Finally, participants wrote “commitment to change” (CTC) statements.21,22 They were asked to identify “up to 3 concrete, measurable changes that you will employ in your clinical teaching as a result of this workshop” and “up to 3 changes in your clinical practice…” Three months later, we mailed the participants a follow-up survey, which reproduced their CTC statements. For each CTC statement, they indicated whether they had implemented it fully, partially, or not at all. If they had not fully implemented a change, they identified from a list of options the primary barrier to implementation.

Data Analysis

We compared the pre- and post-skill rating scores with the Wilcoxon signed rank test for paired data. We described the overall rate of implementation of the CTC statements and the barriers identified for unfulfilled commitments. In addition, we compared the implementation rates for the 2 preceptor locations (university or community) and for the 2 types of commitments (clinical or teaching).

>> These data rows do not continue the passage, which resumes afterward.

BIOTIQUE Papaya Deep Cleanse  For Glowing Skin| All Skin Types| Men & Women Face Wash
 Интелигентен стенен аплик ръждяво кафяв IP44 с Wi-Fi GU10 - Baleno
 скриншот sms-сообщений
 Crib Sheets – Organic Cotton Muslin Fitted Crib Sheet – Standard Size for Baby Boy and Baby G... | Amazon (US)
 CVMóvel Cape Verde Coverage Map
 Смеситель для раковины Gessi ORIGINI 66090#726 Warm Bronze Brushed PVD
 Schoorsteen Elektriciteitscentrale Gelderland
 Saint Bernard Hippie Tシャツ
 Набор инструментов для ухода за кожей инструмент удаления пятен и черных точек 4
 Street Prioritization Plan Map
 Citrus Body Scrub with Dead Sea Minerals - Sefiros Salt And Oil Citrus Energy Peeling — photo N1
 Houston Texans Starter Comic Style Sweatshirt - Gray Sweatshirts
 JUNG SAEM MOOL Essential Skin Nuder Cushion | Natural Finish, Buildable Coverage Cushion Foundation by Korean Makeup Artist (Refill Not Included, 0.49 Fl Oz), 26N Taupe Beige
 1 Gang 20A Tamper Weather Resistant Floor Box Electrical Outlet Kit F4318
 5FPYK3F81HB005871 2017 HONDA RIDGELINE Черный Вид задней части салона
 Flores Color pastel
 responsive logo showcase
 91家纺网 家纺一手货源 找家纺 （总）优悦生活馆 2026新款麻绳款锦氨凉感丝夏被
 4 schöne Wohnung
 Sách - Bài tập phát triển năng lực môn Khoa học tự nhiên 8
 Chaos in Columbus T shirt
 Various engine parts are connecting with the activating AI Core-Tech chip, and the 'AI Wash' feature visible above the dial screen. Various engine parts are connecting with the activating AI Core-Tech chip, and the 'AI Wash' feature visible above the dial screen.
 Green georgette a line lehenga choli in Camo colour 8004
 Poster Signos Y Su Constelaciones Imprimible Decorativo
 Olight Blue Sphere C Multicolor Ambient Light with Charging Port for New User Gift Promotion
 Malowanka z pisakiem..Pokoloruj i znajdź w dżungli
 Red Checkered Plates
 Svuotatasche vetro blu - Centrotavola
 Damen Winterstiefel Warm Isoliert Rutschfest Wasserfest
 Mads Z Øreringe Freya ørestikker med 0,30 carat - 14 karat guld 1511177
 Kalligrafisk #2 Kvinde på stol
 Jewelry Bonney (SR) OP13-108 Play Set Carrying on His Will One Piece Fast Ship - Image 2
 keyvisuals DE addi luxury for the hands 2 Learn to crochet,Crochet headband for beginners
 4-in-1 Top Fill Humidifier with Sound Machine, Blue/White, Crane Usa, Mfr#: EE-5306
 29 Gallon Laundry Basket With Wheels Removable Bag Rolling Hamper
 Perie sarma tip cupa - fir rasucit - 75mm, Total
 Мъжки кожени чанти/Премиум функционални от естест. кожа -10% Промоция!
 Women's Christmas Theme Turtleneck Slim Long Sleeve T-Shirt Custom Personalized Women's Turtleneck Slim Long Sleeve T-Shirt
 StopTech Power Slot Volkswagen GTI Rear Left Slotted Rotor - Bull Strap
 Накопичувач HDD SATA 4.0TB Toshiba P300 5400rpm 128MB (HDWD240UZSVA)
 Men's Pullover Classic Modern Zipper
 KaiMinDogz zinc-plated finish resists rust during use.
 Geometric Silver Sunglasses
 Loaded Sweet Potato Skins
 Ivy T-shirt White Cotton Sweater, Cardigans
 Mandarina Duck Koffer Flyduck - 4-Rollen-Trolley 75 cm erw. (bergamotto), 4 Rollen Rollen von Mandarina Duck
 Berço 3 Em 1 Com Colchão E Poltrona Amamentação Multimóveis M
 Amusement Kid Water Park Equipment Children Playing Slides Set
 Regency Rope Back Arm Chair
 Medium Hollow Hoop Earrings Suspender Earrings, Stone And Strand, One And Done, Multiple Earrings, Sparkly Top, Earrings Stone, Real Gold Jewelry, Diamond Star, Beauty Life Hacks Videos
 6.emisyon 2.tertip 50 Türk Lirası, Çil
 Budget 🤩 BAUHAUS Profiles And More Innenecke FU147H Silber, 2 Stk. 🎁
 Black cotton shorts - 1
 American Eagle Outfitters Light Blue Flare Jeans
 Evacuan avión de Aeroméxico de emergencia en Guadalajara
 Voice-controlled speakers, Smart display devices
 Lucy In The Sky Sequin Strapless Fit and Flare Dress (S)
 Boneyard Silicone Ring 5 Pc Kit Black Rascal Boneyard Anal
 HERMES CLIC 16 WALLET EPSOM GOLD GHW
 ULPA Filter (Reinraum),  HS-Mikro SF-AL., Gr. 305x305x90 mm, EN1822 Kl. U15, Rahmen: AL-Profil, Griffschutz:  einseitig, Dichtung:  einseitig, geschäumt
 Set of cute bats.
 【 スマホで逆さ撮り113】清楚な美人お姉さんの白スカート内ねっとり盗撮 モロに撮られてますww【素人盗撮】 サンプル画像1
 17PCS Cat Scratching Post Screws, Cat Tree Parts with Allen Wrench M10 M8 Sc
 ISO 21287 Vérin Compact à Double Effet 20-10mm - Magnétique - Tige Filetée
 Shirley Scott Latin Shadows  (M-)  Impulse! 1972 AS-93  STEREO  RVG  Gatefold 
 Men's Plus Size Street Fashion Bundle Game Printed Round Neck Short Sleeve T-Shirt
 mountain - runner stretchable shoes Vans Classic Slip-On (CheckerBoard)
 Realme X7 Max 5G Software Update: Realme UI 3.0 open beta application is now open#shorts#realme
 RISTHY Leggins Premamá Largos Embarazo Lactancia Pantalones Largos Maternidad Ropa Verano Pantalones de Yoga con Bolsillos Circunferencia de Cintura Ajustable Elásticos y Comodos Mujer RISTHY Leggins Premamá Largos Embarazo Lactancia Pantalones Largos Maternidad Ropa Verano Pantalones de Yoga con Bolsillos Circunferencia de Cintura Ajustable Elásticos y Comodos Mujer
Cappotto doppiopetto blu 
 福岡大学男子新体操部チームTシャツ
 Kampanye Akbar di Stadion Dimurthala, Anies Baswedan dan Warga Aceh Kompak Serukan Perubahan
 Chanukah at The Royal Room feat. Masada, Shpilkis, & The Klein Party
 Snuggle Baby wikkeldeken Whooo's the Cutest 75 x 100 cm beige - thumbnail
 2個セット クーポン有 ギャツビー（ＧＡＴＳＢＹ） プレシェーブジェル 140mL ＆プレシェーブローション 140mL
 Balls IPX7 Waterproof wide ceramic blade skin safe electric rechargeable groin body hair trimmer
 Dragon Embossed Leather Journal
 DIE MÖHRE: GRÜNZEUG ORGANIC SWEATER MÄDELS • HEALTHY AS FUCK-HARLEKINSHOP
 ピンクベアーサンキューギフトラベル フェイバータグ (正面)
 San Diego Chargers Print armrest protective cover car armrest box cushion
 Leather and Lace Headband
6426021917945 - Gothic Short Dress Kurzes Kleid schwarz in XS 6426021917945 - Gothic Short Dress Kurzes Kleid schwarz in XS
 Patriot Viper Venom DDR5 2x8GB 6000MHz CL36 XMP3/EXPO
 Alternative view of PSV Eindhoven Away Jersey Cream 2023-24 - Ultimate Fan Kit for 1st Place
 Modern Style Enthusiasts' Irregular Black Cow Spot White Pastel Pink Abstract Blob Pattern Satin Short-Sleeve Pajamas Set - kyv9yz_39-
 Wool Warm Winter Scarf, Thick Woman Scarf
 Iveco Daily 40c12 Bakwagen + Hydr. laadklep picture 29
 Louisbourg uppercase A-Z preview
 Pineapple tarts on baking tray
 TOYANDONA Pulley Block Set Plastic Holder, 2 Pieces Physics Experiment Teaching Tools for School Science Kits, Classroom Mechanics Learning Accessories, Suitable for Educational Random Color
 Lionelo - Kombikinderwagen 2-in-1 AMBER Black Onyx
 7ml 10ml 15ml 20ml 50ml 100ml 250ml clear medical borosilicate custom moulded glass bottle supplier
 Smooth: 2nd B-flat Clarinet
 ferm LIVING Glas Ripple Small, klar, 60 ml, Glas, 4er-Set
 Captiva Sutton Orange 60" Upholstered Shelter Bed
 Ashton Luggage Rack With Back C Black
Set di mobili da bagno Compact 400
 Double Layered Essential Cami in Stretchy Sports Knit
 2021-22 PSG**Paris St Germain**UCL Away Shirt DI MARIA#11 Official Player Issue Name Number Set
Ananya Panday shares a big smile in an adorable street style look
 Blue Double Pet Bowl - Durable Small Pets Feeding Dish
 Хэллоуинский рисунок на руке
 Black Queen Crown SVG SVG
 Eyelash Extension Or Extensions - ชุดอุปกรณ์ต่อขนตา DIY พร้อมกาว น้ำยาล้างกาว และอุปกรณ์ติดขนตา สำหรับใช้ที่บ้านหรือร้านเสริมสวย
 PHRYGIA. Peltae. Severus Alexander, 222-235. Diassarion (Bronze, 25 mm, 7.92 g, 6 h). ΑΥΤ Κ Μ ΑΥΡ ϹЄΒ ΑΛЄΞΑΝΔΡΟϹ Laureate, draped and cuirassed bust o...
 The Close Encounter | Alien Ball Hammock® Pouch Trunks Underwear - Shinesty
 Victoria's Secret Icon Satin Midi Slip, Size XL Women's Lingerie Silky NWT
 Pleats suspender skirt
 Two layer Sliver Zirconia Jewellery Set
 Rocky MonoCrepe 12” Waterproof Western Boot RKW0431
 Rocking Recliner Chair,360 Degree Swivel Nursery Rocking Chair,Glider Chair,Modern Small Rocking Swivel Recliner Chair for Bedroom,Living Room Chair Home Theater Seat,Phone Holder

We dichotomized the implementation variable for these comparisons, maintaining the “fully implemented” responses and collapsing “partially implemented” with “not at all implemented.” We collapsed the data in this way in order to relate the implementation rates to the perceived barriers, which were identified for all commitments not “fully implemented.” To test for statistical significance of these comparisons, we used logistic regression with hierarchical modeling to adjust for effects at the level of the preceptors, each of whom had the opportunity to “implement” multiple commitments of both types. Thus, we do not present simple bivariate statistics, because these do not account for between-preceptor differences.

Human Subjects

The human investigation committee granted this project an exemption from formal review.

RESULTS

Twenty-six preceptors attended the workshop. Twenty-four (92%) completed the evaluation at the conclusion of the workshop and, of these, 22 (92%) returned the 3-month follow up form. Fifty-nine percent worked in private practice or community health centers, and 41% worked in university-based teaching clinics. Twenty-three percent precepted only medical students, 32% precepted only residents, and 45% precepted both. Forty-two percent of preceptors were attracted to the workshop mainly by the office-precepting content, 4% by the genetics content, and 54% by both.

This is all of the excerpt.